Speicherbecken in Kehdingen werden zu 100 Prozent finanziert

Aktuell sieht die Regelung vor, dass die Speicherbecken nördlich von Stade in Kehdingen zu 100 Prozent finanziert werden, in der ersten Meile des Alten Landes südlich von Stade gibt es eine 25-Prozent-Beteiligung. Für den weiteren Bereich ist bisher keine Finanzierung solcher künstlichen Seen vorgesehen.
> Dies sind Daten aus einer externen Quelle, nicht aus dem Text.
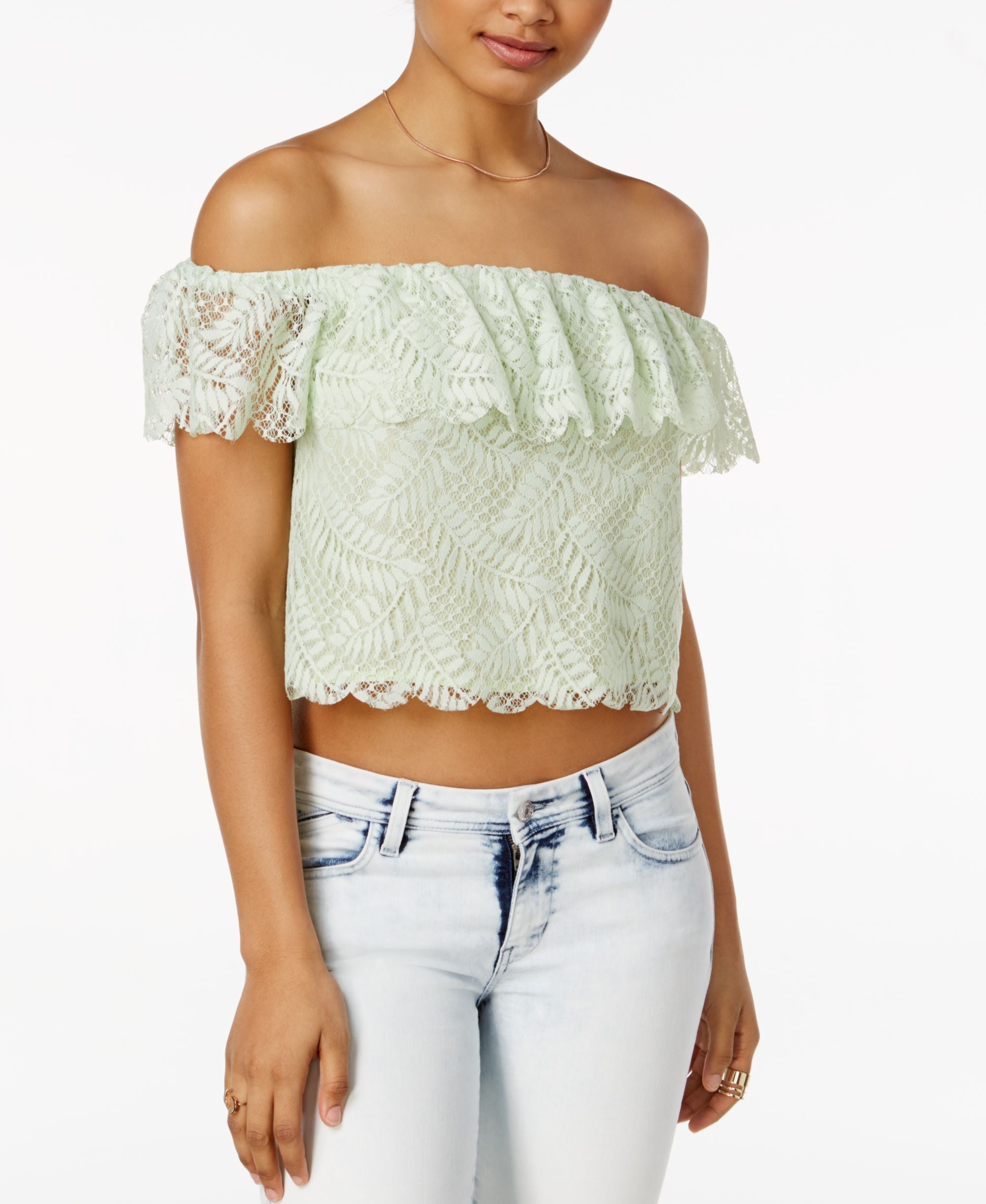 Guess Sasha Off The Shoulder Lace Top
Allerdings reicht das Mess-Netz bis zur Estemündung in Cranz, sollte sich der zu hohe Salzgehalt im Zuge der Vertiefung also noch weiter verschieben, würden auch diese Bereiche des Alten Landes mit in das Programm aufgenommen werden, sagt Reincke.

Viele Becken müssen mit Folie ausgelegt werden

Doch zunächst sammelt er die Erfahrungen im Norden des Kreises. Weil dort ein eher feiner Sand im Untergrund liegt, müssen die gut 4,5 Meter tiefen Becken mit Folie ausgelegt werden. Fast eine halbe Million Euro kostet dann ein so großes Projekt, das Obstbauer Kruse sich gebaut hat – das aber auch eines der größten sein wird.

In der Planung ist hier auch eine große schwimmende Insel, um mit den dort wachsenden Pflanzen das Wasser sauber und algenfrei halten zu können. Weiter südlich braucht man keine Folie, dort gibt es meist dichte Klei-Böden, die als Abdichtung reichen. Und dort könnte man daher dann zur natürlichen Reinigung auch Flachwasserzonen anlegen – fast so wie bei einem richtigen See. „Dann bekommen wir auch einen Mehrwert für die Natur“, sagt Wasserbauexperte Reincke.